• [Work item] Return the lines of the listing below exactly as they appear, beginning at the one with "Used 2023 Genesis G70 3.3T image 18" and stopping after the one with "Garraway says draper's"; do not include pictures.

• [Data in this exercise]
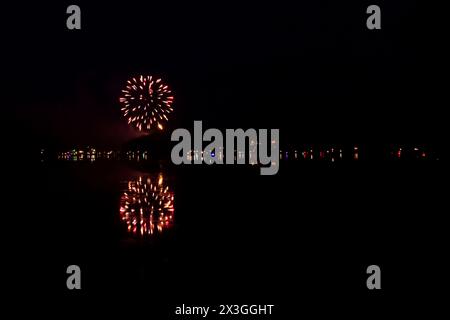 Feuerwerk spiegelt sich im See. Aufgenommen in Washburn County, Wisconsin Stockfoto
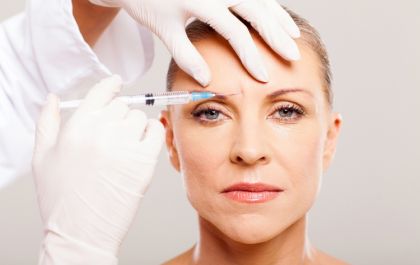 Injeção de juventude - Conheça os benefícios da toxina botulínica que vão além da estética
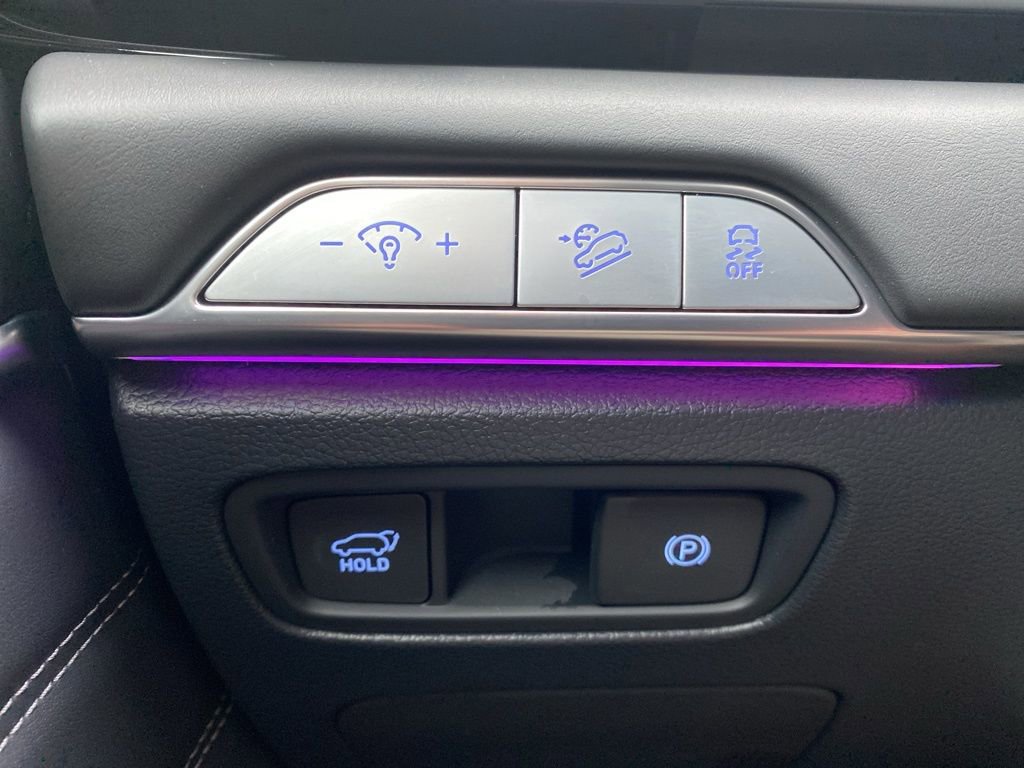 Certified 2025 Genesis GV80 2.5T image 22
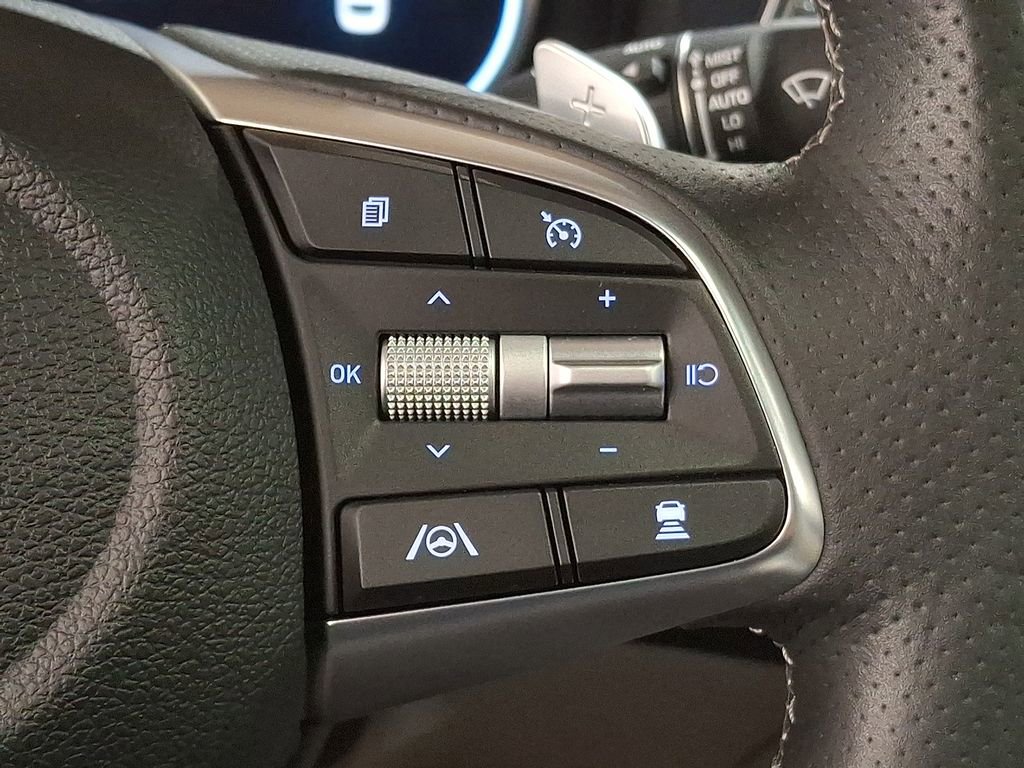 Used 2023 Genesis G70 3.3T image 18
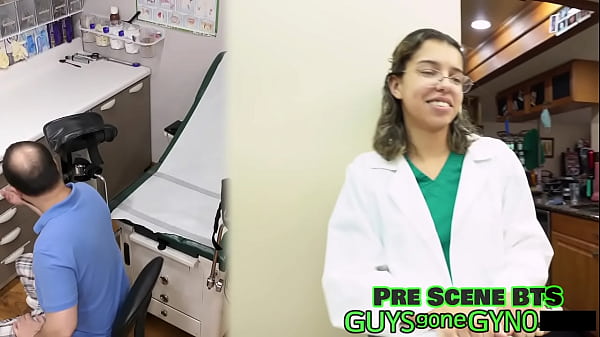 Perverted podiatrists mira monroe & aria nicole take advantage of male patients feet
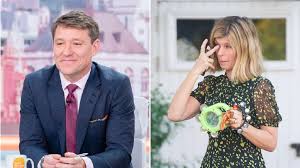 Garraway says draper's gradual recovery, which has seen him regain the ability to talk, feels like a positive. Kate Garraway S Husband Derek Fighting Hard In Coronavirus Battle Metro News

--

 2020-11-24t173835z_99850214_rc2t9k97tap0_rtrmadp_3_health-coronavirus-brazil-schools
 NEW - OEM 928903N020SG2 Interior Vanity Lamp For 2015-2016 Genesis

• [Task answer]
 Used 2023 Genesis G70 3.3T image 18
 Perverted podiatrists mira monroe & aria nicole take advantage of male patients feet
 Garraway says draper's gradual recovery, which has seen him regain the ability to talk, feels like a positive. Kate Garraway S Husband Derek Fighting Hard In Coronavirus Battle Metro News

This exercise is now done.